Сбоку от него сидели двое — оскорбленная Лещева, с лицом, на котором сразу можно прочесть: «Я свое сказала, теперь разберутся», и секретарь парторганизации колхоза имени Чапаева, Гаврила Тимофеевич Кряжин. У него вид мученика: утром, наедине, разговаривая с Паникратовым, он со всем согласился, сейчас, сжавшись, прятался за спины…

Однако три члена бюро высказались за исключение, три — против. Оставался последний, директор льнокомбината, единственного в Кузовках промышленного предприятия, — Кочкин. Но Паникратов, прежде чем спросить его мнение, поднялся и раздраженно начал доказывать вину Трубецкого, повторяя то, что он уже говорил в начале заседания: Трубецкой не признает авторитета райкома, Трубецкой не подчиняется партийной дисциплине. Потом сел и, не глядя, бросил:

— Твое слово, товарищ Кочкин.

Кочкин долго смотрел в пол, наконец неуверенно заявил:

— Все же строговато, Федор Алексеевич… Пусть и оскорбил райком, пусть и авторитет подрывает, а все ж у него заслуги. Я — за строгий выговор… Даже с предупреждением!

И это, к явному неудовольствию Паникратова, решило исход дела. На том и сошлись.

Трубецкой поднялся, его глаза горели на побледневшем лице.

— Так… — выдавил он хрипло и беспомощно огляделся. — Значит, постановили?

Оттолкнув стул, он двинулся к двери и лицом к лицу столкнулся с Родневым, словно споткнувшись, остановился.

— И ты, видать, тоже… Я-то считал… Э-эх!

Наступила неловкая тишина. Кочкин с силой затягивался папиросой. Сочнев стоял посреди кабинета, оглядывался, стараясь прочитать на лицах присутствующих, что думают они, — сочувствуют ли Трубецкому, или осуждают его? Паникратов, сердито насупившись, рылся в бумагах на столе.

В это время из угла на середину кабинета вышел никем не замеченный раньше секретарь партбюро колхоза имени Чапаева Гаврила Тимофеевич Кряжин. Он, держа в руках согнутый картуз, то боязливо присаживался на кончик стула, то поспешно вскакивал, растерянно оглядывался.
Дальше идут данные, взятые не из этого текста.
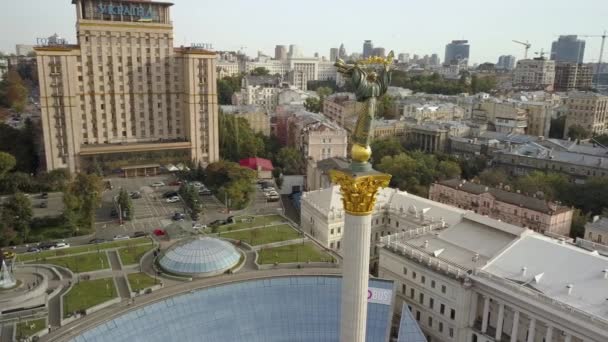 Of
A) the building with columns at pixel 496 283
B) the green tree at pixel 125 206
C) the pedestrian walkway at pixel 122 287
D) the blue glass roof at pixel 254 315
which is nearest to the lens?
the building with columns at pixel 496 283

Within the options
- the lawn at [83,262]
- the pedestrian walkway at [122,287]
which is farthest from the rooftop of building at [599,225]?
the lawn at [83,262]

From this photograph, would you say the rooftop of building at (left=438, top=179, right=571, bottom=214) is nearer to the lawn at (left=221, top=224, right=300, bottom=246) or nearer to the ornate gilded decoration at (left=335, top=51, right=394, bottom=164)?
the lawn at (left=221, top=224, right=300, bottom=246)

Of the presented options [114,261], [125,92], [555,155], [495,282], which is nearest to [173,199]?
[114,261]

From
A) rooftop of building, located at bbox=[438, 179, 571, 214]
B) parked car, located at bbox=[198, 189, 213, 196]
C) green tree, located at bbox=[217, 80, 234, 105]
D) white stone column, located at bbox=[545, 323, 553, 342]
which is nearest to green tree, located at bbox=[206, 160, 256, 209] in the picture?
parked car, located at bbox=[198, 189, 213, 196]

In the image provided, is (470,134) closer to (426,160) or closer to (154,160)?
(426,160)

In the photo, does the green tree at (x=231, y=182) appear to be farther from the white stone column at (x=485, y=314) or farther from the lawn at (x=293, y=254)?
the white stone column at (x=485, y=314)

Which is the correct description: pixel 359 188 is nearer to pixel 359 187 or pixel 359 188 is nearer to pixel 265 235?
pixel 359 187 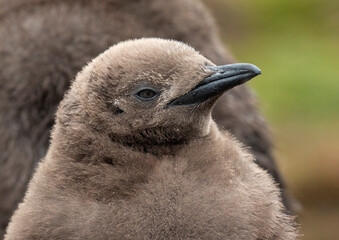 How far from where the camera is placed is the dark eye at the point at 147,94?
281 cm

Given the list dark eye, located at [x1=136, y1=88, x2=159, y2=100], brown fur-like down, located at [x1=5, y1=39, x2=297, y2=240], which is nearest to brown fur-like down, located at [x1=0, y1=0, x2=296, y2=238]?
brown fur-like down, located at [x1=5, y1=39, x2=297, y2=240]

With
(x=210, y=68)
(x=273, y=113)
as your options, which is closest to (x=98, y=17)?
(x=210, y=68)

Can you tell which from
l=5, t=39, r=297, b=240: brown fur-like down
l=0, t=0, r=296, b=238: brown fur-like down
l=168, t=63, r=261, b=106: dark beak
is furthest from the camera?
l=0, t=0, r=296, b=238: brown fur-like down

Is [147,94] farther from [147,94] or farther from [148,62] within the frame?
[148,62]

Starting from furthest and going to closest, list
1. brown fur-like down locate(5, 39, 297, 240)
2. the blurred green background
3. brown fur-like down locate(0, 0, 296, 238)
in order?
the blurred green background → brown fur-like down locate(0, 0, 296, 238) → brown fur-like down locate(5, 39, 297, 240)

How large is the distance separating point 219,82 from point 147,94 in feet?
0.83

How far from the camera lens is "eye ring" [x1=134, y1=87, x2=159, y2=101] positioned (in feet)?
9.20

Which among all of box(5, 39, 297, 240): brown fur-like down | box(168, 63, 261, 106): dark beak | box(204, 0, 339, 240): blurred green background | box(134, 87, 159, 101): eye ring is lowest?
box(5, 39, 297, 240): brown fur-like down

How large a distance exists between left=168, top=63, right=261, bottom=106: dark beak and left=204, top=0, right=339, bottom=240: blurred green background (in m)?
2.77

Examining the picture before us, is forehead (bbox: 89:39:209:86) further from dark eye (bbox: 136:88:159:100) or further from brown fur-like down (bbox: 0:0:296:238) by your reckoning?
brown fur-like down (bbox: 0:0:296:238)

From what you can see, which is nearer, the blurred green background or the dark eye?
the dark eye

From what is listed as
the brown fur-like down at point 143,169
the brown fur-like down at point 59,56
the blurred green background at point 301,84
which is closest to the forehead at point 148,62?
the brown fur-like down at point 143,169

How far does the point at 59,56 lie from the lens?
4.16 metres

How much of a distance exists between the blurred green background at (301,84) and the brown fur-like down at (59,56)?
4.02ft
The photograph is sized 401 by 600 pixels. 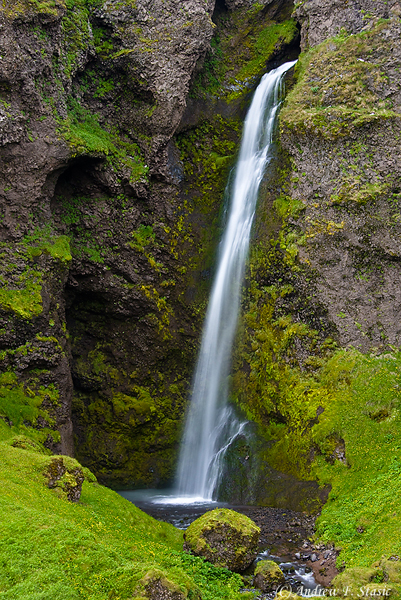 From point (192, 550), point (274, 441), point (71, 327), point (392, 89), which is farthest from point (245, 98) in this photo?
point (192, 550)

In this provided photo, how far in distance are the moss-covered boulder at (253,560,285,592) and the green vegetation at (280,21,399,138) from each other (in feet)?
60.2

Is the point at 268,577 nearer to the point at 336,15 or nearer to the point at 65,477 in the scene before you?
the point at 65,477

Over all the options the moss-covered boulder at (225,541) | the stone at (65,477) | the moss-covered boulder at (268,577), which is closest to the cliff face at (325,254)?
the moss-covered boulder at (225,541)

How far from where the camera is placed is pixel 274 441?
1980cm

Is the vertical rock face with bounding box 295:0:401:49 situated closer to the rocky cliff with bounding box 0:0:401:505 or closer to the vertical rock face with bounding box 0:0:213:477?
the rocky cliff with bounding box 0:0:401:505

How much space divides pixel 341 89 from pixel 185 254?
1128cm

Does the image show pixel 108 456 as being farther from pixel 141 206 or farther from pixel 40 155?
pixel 40 155

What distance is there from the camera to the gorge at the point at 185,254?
1775 cm

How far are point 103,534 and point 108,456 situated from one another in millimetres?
13889

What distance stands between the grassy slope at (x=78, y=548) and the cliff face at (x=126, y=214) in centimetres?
917

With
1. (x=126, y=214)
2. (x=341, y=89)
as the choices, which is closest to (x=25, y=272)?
(x=126, y=214)

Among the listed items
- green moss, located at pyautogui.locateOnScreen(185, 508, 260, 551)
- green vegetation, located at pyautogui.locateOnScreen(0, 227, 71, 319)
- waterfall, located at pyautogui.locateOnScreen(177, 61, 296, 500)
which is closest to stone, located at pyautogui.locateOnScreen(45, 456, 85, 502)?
green moss, located at pyautogui.locateOnScreen(185, 508, 260, 551)

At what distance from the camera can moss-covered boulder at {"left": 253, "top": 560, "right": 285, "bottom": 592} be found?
35.1ft

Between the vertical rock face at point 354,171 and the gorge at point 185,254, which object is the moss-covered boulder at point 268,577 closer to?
the gorge at point 185,254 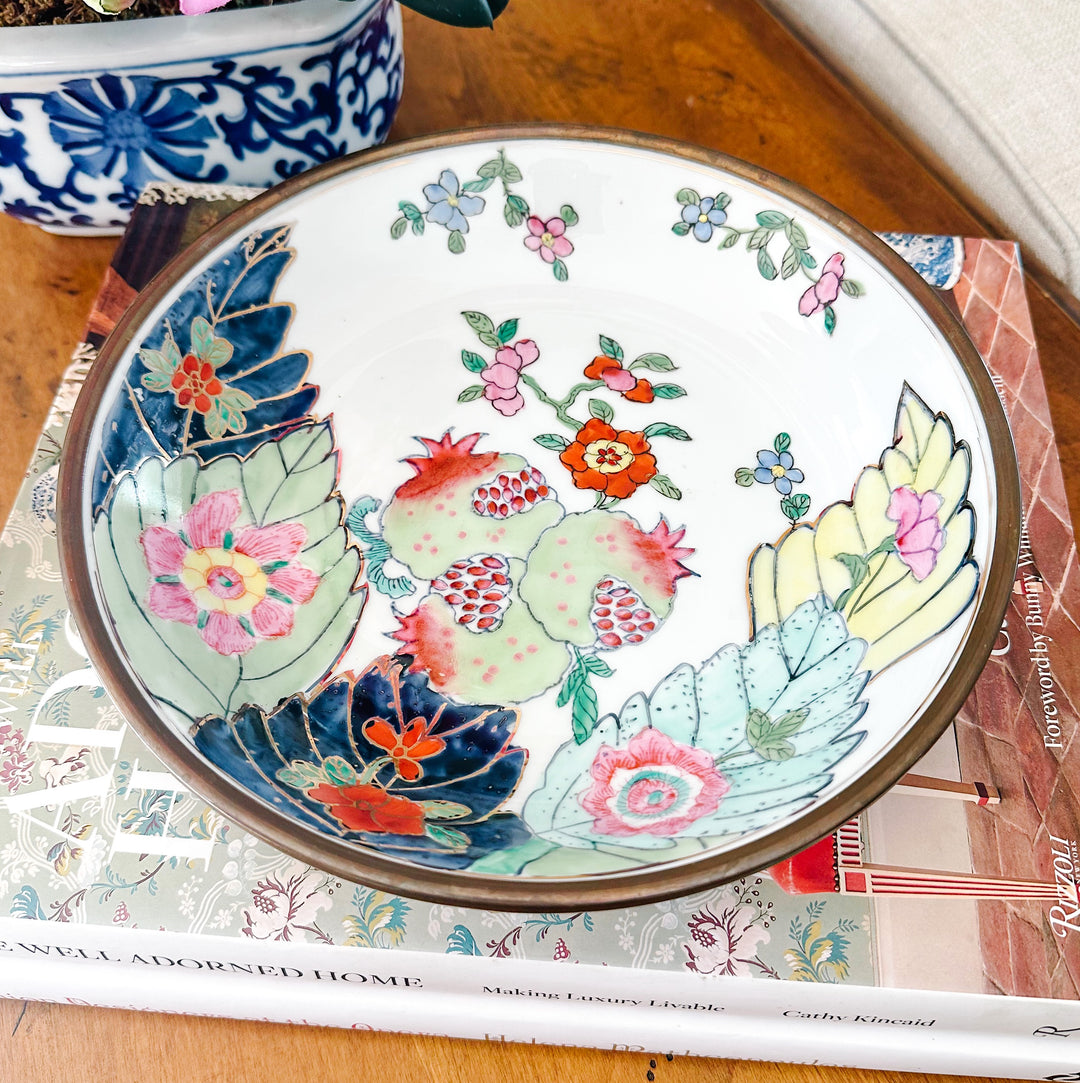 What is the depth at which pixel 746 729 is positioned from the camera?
43 cm

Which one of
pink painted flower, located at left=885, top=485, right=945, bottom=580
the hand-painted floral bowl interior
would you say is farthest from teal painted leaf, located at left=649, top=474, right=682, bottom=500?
pink painted flower, located at left=885, top=485, right=945, bottom=580

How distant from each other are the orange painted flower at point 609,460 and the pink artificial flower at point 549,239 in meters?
0.10

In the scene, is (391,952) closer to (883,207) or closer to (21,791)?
(21,791)

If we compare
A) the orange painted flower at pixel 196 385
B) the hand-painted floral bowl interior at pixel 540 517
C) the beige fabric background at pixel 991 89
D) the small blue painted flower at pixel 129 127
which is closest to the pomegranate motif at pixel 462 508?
the hand-painted floral bowl interior at pixel 540 517

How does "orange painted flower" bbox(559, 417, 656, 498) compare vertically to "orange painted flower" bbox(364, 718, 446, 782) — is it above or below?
above

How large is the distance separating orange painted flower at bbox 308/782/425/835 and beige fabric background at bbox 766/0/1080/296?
53 centimetres

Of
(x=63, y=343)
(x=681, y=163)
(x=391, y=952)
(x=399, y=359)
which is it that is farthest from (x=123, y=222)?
(x=391, y=952)

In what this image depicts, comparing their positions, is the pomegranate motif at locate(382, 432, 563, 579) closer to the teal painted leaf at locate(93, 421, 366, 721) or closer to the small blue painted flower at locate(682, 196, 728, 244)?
the teal painted leaf at locate(93, 421, 366, 721)

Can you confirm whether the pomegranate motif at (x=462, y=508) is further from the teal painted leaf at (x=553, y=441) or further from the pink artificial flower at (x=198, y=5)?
the pink artificial flower at (x=198, y=5)

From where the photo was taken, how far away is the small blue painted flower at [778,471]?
501 millimetres

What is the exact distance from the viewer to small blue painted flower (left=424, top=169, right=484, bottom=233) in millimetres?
530

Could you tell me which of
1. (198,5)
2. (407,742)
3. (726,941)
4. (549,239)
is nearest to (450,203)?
(549,239)

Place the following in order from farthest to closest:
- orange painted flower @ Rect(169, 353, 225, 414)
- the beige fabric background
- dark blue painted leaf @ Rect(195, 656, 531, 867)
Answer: the beige fabric background < orange painted flower @ Rect(169, 353, 225, 414) < dark blue painted leaf @ Rect(195, 656, 531, 867)

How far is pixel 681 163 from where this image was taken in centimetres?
52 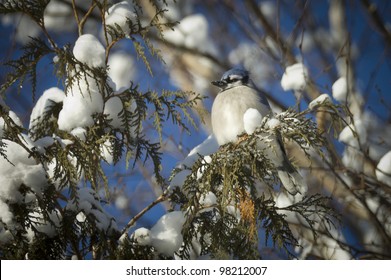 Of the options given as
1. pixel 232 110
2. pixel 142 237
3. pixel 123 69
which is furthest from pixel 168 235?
pixel 123 69

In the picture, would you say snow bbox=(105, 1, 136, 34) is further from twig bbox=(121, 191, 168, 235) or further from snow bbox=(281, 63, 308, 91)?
snow bbox=(281, 63, 308, 91)

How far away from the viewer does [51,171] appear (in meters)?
1.65

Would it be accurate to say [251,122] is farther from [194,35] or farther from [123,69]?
[194,35]

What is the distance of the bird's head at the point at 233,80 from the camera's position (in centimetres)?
257

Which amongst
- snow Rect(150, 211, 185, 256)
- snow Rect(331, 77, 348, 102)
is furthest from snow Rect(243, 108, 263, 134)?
snow Rect(331, 77, 348, 102)

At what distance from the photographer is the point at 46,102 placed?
1.75 metres

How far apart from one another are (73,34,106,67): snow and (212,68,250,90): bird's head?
3.50 feet

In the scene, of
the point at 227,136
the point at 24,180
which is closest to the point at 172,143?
the point at 227,136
Василий сразу догадался: Кряжину надо ехать в колхоз, домой. Сейчас ночь, от Кузовков без малого пятнадцать километров, а лошадь одна, у Трубецкого; тот ушел, он остался; надо бы догонять быстрей, пока не уехал, но вдруг, упаси боже, присутствующие подумают — он единомышленник Трубецкого.

По дороге Роднева нагнал, шурша плащом, Сочнев, торопливо закурил, осветив спичкой свои крепкие щеки, заговорил:

— Вот как… Полезный человек, умный, а ребром стал на пути. И все из-за мелкого самолюбия.

— А вы уверены, что сам райком идет по правильному пути?

— Вы что ж, согласны с Трубецким?

— Я считаю: стиль работы Лещевой — порочный стиль. И если райком вообще действует по-лещевски, значит я, не задумываясь, стану на сторону Трубецкого.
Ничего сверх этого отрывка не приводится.